--- Information ---
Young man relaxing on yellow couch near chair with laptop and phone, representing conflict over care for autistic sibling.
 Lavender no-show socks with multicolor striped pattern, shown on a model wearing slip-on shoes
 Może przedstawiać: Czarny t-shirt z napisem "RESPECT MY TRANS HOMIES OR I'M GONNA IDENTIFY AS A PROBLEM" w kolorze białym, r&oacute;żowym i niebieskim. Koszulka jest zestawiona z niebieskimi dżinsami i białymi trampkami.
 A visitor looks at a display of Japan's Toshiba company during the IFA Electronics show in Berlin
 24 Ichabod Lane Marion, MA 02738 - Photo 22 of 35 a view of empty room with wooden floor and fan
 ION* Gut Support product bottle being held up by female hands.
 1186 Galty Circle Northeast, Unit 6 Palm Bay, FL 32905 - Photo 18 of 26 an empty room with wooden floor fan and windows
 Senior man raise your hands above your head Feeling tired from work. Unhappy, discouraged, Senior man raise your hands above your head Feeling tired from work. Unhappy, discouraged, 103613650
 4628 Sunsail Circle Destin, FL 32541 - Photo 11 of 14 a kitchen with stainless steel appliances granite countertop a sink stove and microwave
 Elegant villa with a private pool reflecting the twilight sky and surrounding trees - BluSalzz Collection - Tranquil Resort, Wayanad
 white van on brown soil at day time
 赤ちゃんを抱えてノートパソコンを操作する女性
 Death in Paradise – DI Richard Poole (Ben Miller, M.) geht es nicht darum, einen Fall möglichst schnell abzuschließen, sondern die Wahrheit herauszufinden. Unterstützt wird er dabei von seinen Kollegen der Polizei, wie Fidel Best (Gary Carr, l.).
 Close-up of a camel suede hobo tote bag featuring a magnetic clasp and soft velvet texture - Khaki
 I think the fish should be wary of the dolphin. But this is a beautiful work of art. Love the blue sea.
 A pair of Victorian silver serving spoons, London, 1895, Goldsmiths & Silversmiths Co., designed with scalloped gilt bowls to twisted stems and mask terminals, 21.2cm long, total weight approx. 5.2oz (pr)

--- How to complete this task ---
As listed above, the lines from the line with "Unhappy, discouraged, 103613650" to the line with "Death in Paradise" are to be echoed exactly, with both ends included and nothing added.

--- Result of this task ---
 Senior man raise your hands above your head Feeling tired from work. Unhappy, discouraged, Senior man raise your hands above your head Feeling tired from work. Unhappy, discouraged, 103613650
 4628 Sunsail Circle Destin, FL 32541 - Photo 11 of 14 a kitchen with stainless steel appliances granite countertop a sink stove and microwave
 Elegant villa with a private pool reflecting the twilight sky and surrounding trees - BluSalzz Collection - Tranquil Resort, Wayanad
 white van on brown soil at day time
 赤ちゃんを抱えてノートパソコンを操作する女性
 Death in Paradise – DI Richard Poole (Ben Miller, M.) geht es nicht darum, einen Fall möglichst schnell abzuschließen, sondern die Wahrheit herauszufinden. Unterstützt wird er dabei von seinen Kollegen der Polizei, wie Fidel Best (Gary Carr, l.).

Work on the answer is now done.